# Marquis Daniels?



## Tactics (Mar 6, 2003)

He has been impressing me a whole lot lately, I remember seeing someones sig before the draft for the Raps to draft him and they didn't, I really think he is good, the question is, how good do you think he will become in the future?


----------



## nickrock23 (Mar 28, 2004)

don't put him in the hall of fame just yet.


----------



## Tactics (Mar 6, 2003)

> Originally posted by <b>nickrock23</b>!
> don't put him in the hall of fame just yet.
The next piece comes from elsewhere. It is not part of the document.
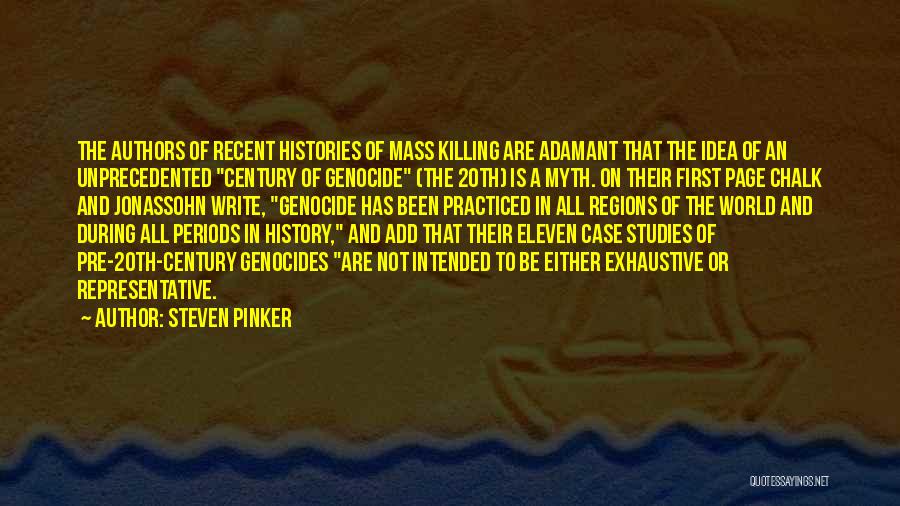 Steven Pinker Quotes: The Authors Of Recent Histories Of Mass Killing Are Adamant That The Idea Of An Unprecedented Century Of Genocide (the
Yeah I know, he is still putting up good numbers on a good team though.


----------



## Dark Praetor (Mar 20, 2004)

I see him becoming like Derek Fisher.


----------



## Yao Mania (Aug 4, 2003)

Maybe if you put him on a crappy team and give him a few yrs he can become something like Michael Redd
But I voted for him being a role-player, I see him being a 6th-7th man likely for the rest of his career.


----------



## MarioChalmers (Mar 26, 2004)

I think he'll get a lil' better, I voted for him as a semi-star. I think he can become a lot like Jim Jackson or something... I don't know his game tho, I'm just talking about how much he contributes.


----------



## Nevus (Jun 3, 2003)

Who voted for superstar? Merc_cuban, is that you?

I like Daniels. I think he'll be a good roleplayer in the league. Josh Howard too.


----------



## Peja (Mar 28, 2004)

Semi-player.


----------



## Kunlun (Jun 22, 2003)

I voted for him to be a role player.


----------